I am currently trying to optimize some MIPS assembler that I've written for a program that triangulates a 24x24 matrix. My current goal is to utilize delayed branching and manual loop unrolling to try and cut down on the cycles. Note: I am using 32-bit single precision for all the matrix arithmetic.

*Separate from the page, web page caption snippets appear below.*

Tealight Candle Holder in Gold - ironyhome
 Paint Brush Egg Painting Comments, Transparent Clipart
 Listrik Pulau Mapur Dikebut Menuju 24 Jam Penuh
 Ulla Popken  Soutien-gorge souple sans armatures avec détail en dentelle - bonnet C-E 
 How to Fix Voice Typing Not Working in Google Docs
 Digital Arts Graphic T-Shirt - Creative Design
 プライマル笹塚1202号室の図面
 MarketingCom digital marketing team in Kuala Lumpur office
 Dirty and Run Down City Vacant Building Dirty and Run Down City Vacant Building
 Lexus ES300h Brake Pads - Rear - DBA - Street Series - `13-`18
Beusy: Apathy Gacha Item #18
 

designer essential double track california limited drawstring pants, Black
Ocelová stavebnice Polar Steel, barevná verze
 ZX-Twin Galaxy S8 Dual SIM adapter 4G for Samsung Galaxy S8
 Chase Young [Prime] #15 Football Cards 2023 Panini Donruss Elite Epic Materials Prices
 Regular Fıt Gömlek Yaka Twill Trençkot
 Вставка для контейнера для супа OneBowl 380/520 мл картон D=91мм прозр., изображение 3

Part of the algorithm involves the following loop that I'm trying to unroll (N will always be 24)
...
float inv = 1/A[k][k]
for (j = k + 1; j < N; j++) {
/* divide by pivot element */
A[k][j] = A[k][j] * inv;
}
...
I want
...
float inv = 1/A[k][k]
for (j = k + 1; j < N; j +=2) {
/* divide by pivot element */
A[k][j] = A[k][j] * inv;
A[k][j + 1] = A[k][j + 1] * inv;
}
...
but it generates the incorrect result and I don't know why. The interesting thing is that the version with loop unrolling generates the first row of matrix correctly but the remaining ones incorrect. The version without loop unrolling correctly triangulates the matrix.
Here is my attempt at doing it.
...
# No loop unrolling
loop_2:
move $a3, $t2 # column number b = j (getelem A[k][j])
jal getelem # Addr of A[k][j] in $v0 and val in $f0
addiu $t2, $t2, 1 ## j += 2
mul.s $f0, $f0, $f2 # Perform A[k][j] * inv
bltu $t2, 24, loop_2 # if j < N, jump to loop_2
swc1 $f0, 0($v0) ## Perform A[k][j] := A[k][j] * inv
# The matrix triangulates without problem with this original code.
...
...
# One loop unrolling
loop_2:
move $a3, $t2 # column number b = j (getelem A[k][j])
jal getelem # Addr of A[k][j] in $v0 and val in $f0
addiu $t2, $t2, 2 ## j += 2
lwc1 $f1, 4($v0) # $f1 <- A[k][j + 1]
mul.s $f0, $f0, $f2 # Perform A[k][j] * inv
mul.s $f1, $f1, $f2 # Perform A[k][j+1] * inv
swc1 $f0, 0($v0) # Perform A[k][j] := A[k][j] * inv
bltu $t2, 24, loop_2 # if j < N, jump to loop_2
swc1 $f1, 4($v0) ## Perform A[k][j + 1] := A[k][j + 1] * inv
# The first row in the resulting matrix is correct, but the remaining ones not when using this once unrolled loop code.
...